The Port Health and Public Protection Director to be heard.
The Committee received the verbal update of the Port Health and Public Protection Director on the UK's impact of leaving the EU (Brexit) on Port Health & Public Protection.
The Committee was informed that things are moving on at pace since the verbal update at the last sitting of the Committee. The UK Government has published a Border Operating Model that outlines how controls will be phased in at the border from January 2021.
The model contains information on a wide variety of border controls, but the ones relevant to this Committee include:
· From January 2021 – full checks on live animals, organic checks, Illegal, Unreported, and Unregulated (IUU) fishing checks. In addition, goods transiting through the EU to the UK will need to be checked. The transits are high-risk food and feed from the rest of the world that travel via the EU but are not checked by the EU. The Department will also need to check manifests to gain a better understanding of imports through the ports.
· From April 2021, the City of London will need to ensure that it is carrying out 100% documentary checks of high-risk food and feed which enters the UK through the City of London’s ports. The latest projections from the UK Government indicate that this could double the workload for the Port Health Service.

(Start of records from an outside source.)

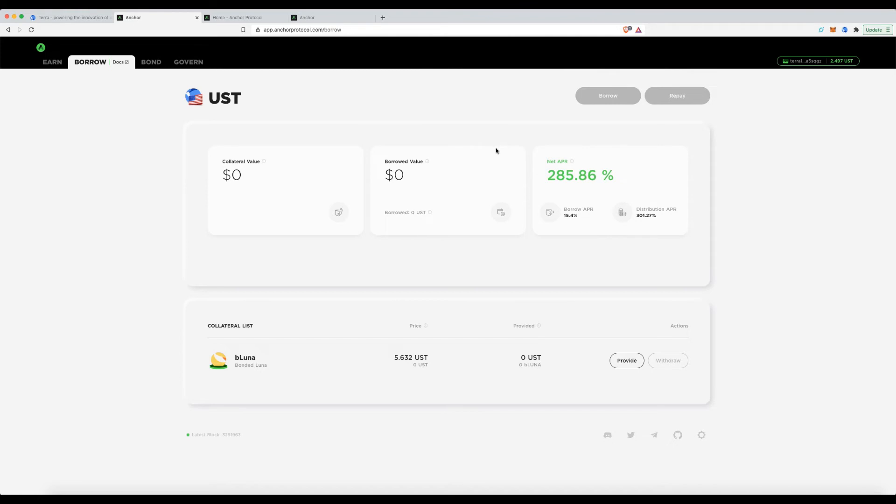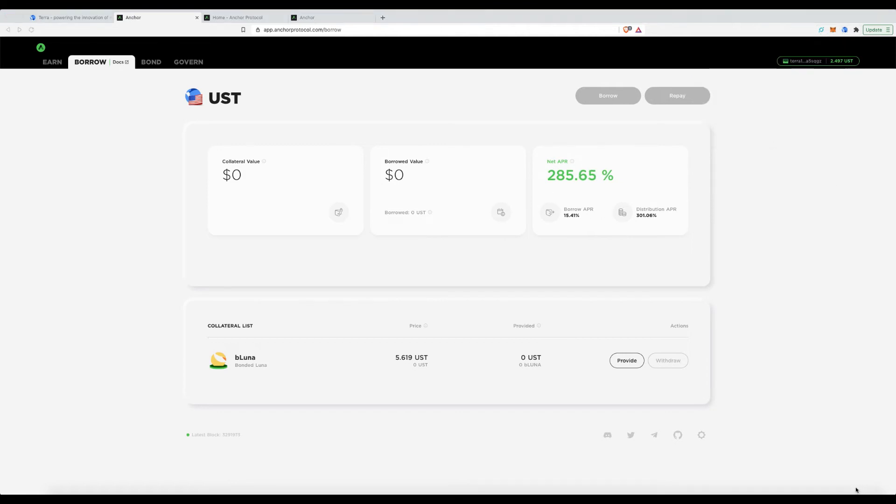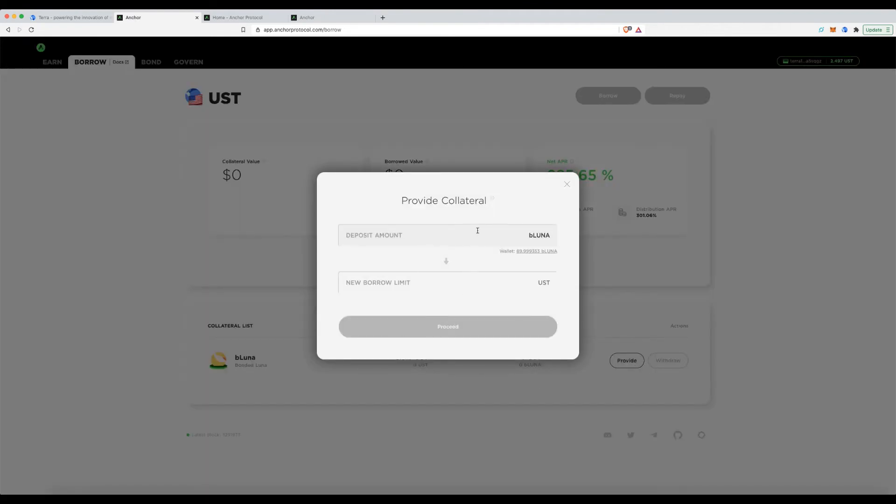Back to the steps: to borrow and mint UST, the first thing to do is provide bLUNA as collateral. After bonding, my wallet already shows the bLUNA balance. Now I'm going to supply it as collateral.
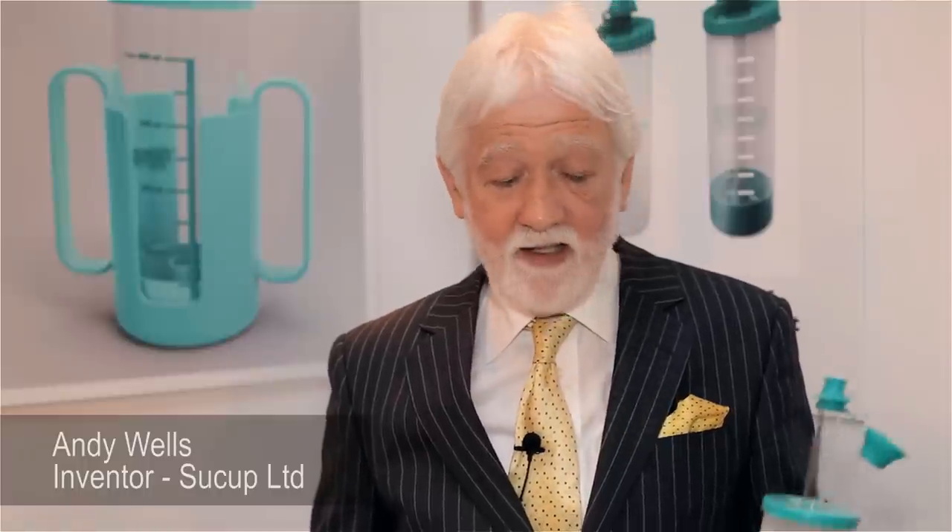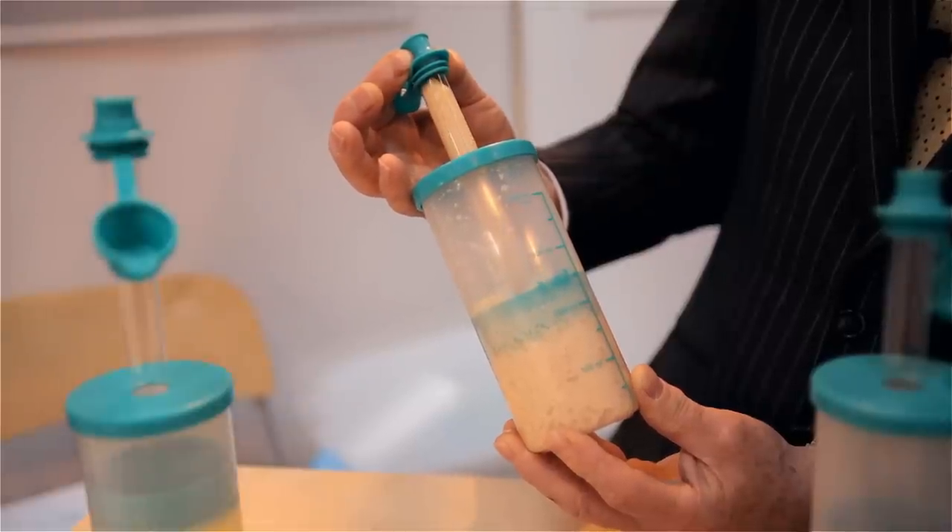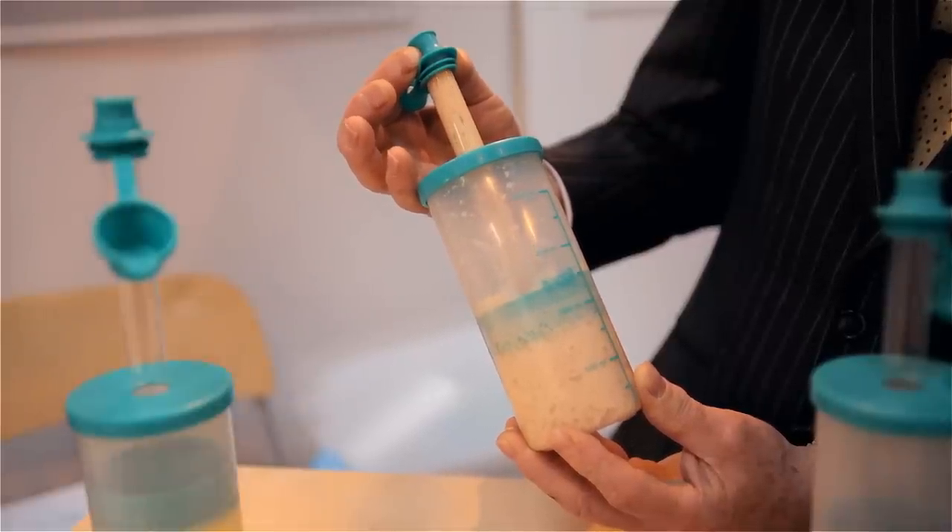I'm here with Andy Wells, Director of Suckup. So Andy, can you tell me a little bit about Suckup? Well, Suckup is for food and for people that have difficulty with knives, forks and spoons. It's a simple product using vacuum technology and of course it won't spill. That's the important thing. So it's good for people in bed and for people with strokes that have difficulty swallowing.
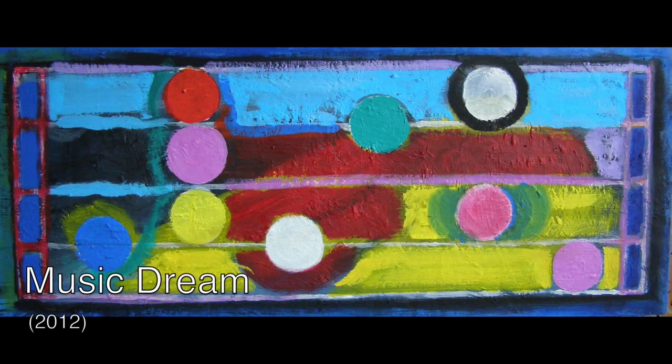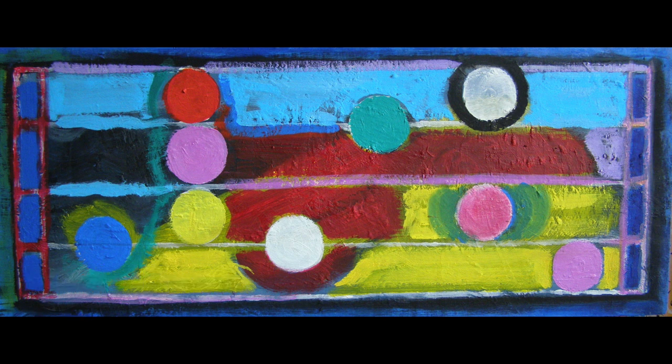I had an odd-shaped canvas and, being interested in music, I turned it into a stave as it's called in music, also using the colours I was using from the Island series. It's a sort of semi-abstract piece, just playing around with music shapes and colour.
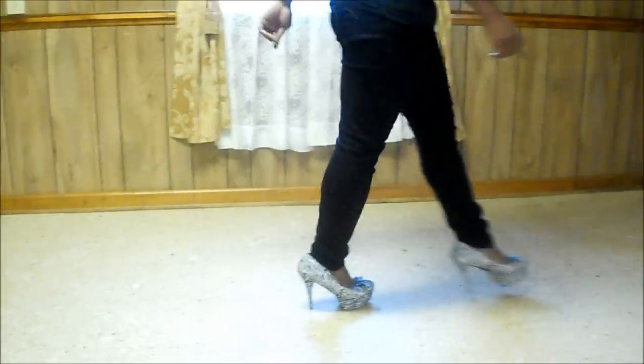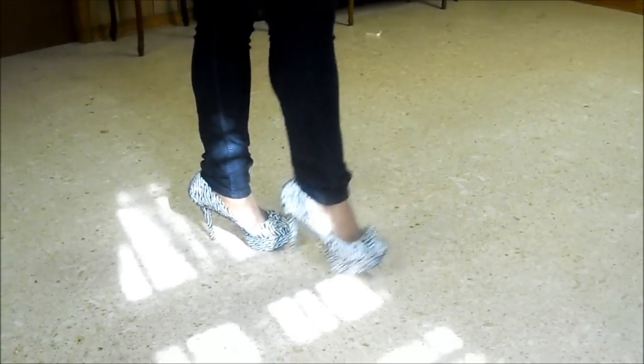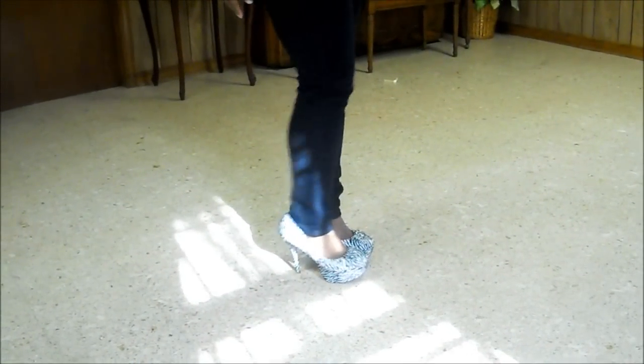Now we're going to get started with the walk. When walking in heels, you want to stick to the golden rule of heel toe — but ladies, keep it very subtle, not over exaggerated. My heel is coming out first because when I'm stepping, I'm extending my leg completely at the knee, and this places my heel closer to the ground than my toe, so my heel automatically hits the ground first. When wearing high heel shoes, you want to exaggerate most of your weight on the balls of your feet as opposed to the actual heels.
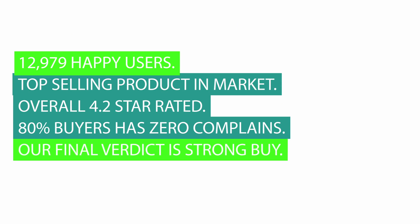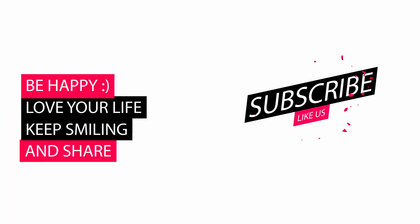12,979 happy users. Top selling product in market. Overall 4.2 star rated. 80% of buyers have zero complaints. Our final verdict is strong buy. Please let us know your valuable thoughts about our review video in the comments, and also like and subscribe. Thank you!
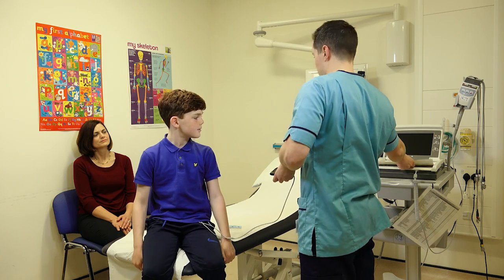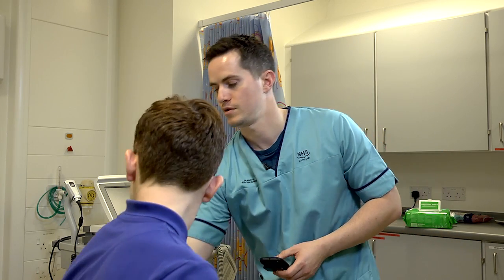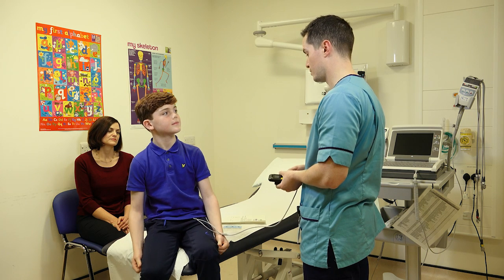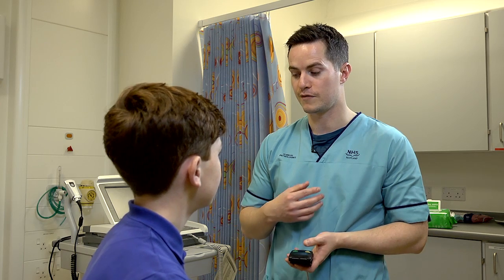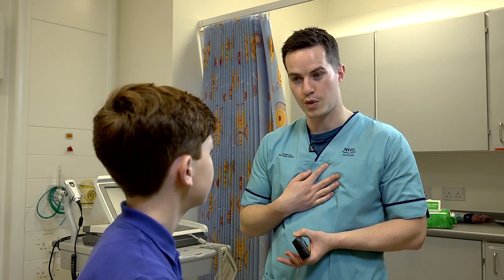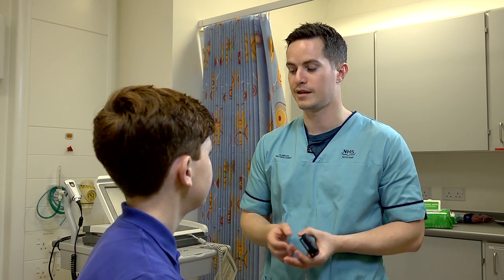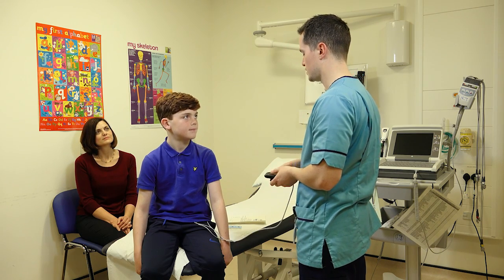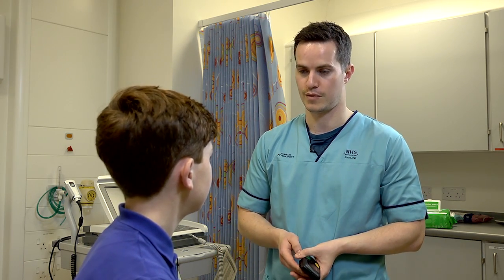I'm going to give your mum a diary. Basically the diary is for you to tell your mum how you're feeling. So while you're wearing this monitor, if you have any symptoms at all, let your mum know. By symptoms, I mean anything like funny heartbeats, feeling sore, lightheaded, or a bit breathless — anything like that. Your mum will write it down in the diary, so when we come to analyse the tape later, we can see how you were feeling while wearing the monitor.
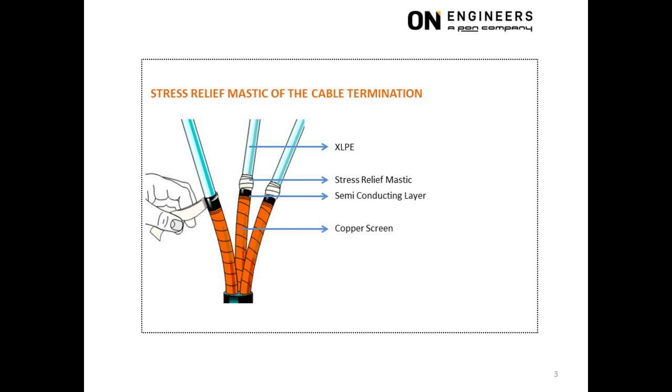This slide shows the cable already stripped back to reveal the copper screen, semi-conducting layer, and XLPE insulation. The exact dimensions of the cutback will have slight differences from the various OEM but will essentially have this basic form.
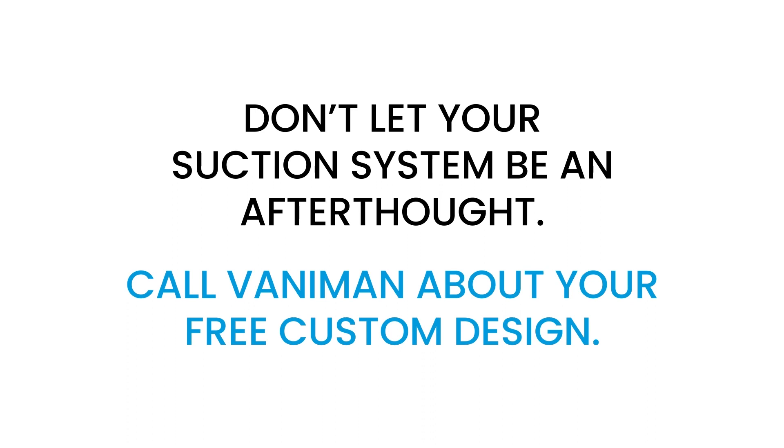Don't let your suction system be an afterthought. Call Vanaman about your free custom design.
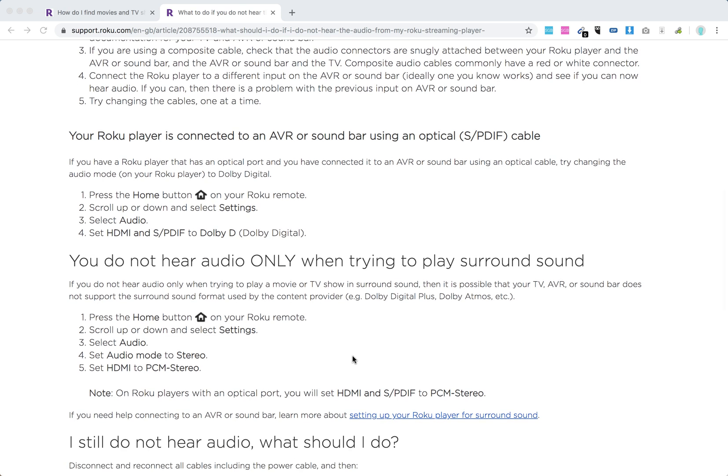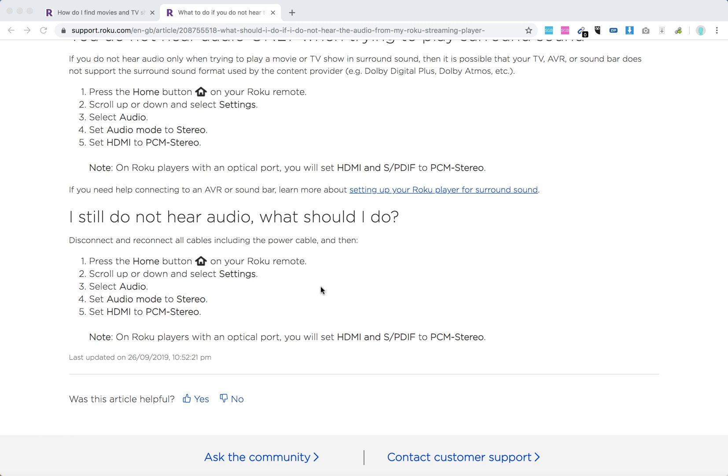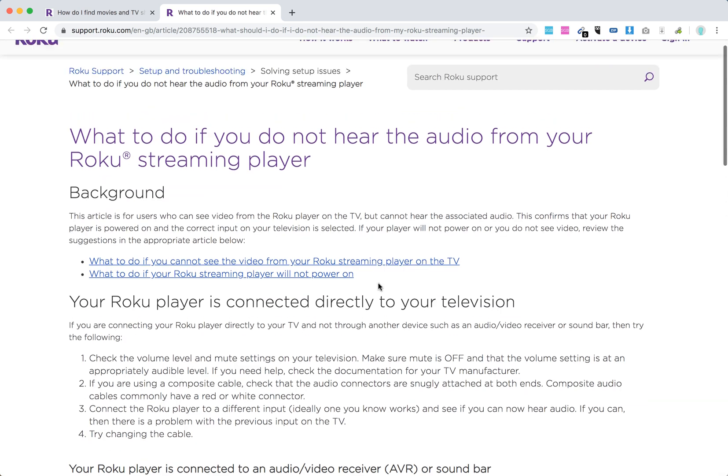So there you have it. You can also set audio settings to stereo, or set HDMI to PCM stereo. Play with these settings in the audio menu of your settings, and hopefully at least some of it will help you.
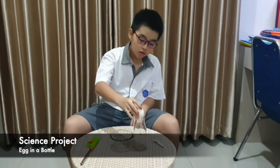Hello everyone! My name is Jensen and in this video, I'm going to make an experiment about an egg into a bottle.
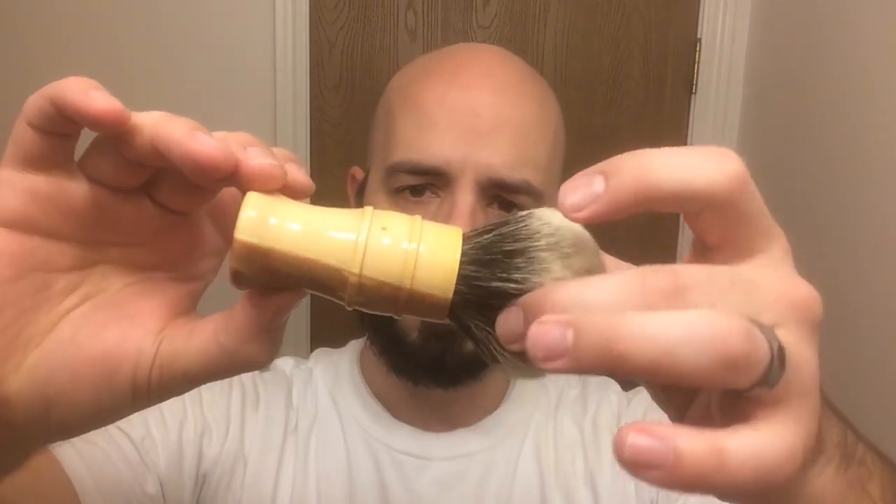And where did my brush go? Where did I put my brush? Weird — I'll be right back. Okay, I got my brush here. Something special about this brush — you'll notice it has some beautiful wood coloring to it. I made this.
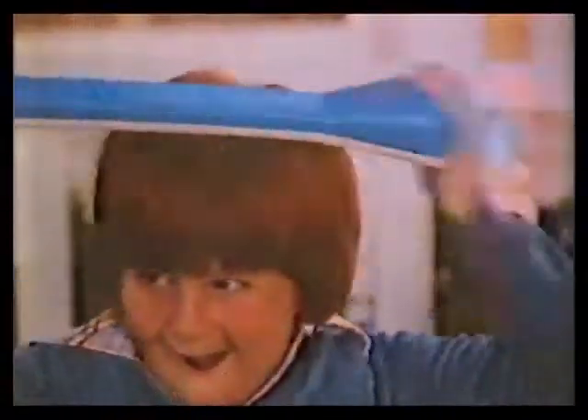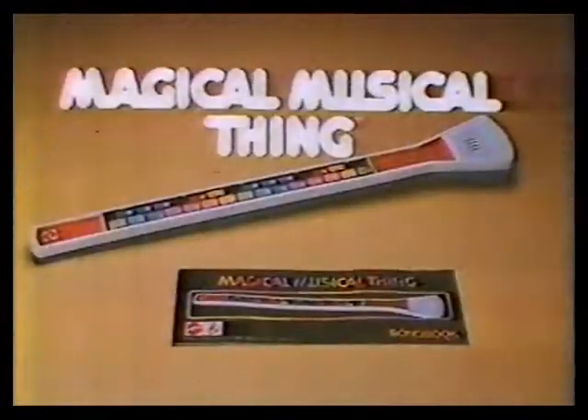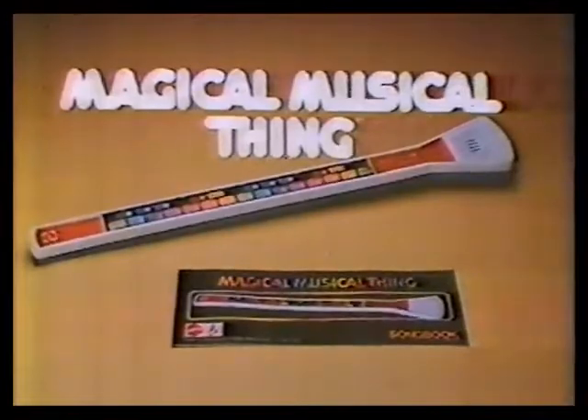Top that. You're weird. Mattel's Magical Musical Thing is electronic and comes with a songbook.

· From July 2021, a physical, identification, and sampling checks will be required on 1% of high-risk EU food and feed imports
The Committee was informed that the City of London is in close liaison with the Government bodies, such as the Department for Environment, Food and Rural Affairs, and the Food Standards Agency, as some points in the Border Operating Model require further clarification. This includes details of how long the 1% checking regime will last as it is out of step with that applied to the rest of the world imports, and any safeguarding measures for Avian and Swine Flu that to be carried on appropriate products early next year. This is an addition to the checks that the City of London continues to make on high-risk food and feed from the rest of the world.
The Committee was
reminded that the Department had had submitted a bid for
£474k to the Food Standard Agency under its EU Transition
Fund to support the City of London’s current preparations,
increasing staffing numbers based on the information at the
time. Although, the City of London was awarded only
£150K. However, the Department for Environment, Food and
Rural Affairs, released details of a Port Health Authority
Transition Readiness Fund and
the following discussions with
the Department for Environment, Food and Rural Affairs regarding
their revised predictions the City of London submitted a bid to
support its current preparations and increase its workforce by 22
officers; including 3 Port Health Officers, 3 Official
Veterinarians, 8 Port Health Technical Officers and 8 Support
Assistants. A funding pot of £714K has been made
available until 31 March 21. There is also a commitment that
the Department for Environment, Food and Rural Affairs will
underwrite the cost of recruitment until 31 March 22 based on their
The City of London is currently finalising the arrangements with the Department for Environment, Food, and Rural Affairs and it is in discussions with HR and Finance to expedite the recruitment process. The Department is hopeful that it can fill the post quickly using apprentices and graduates.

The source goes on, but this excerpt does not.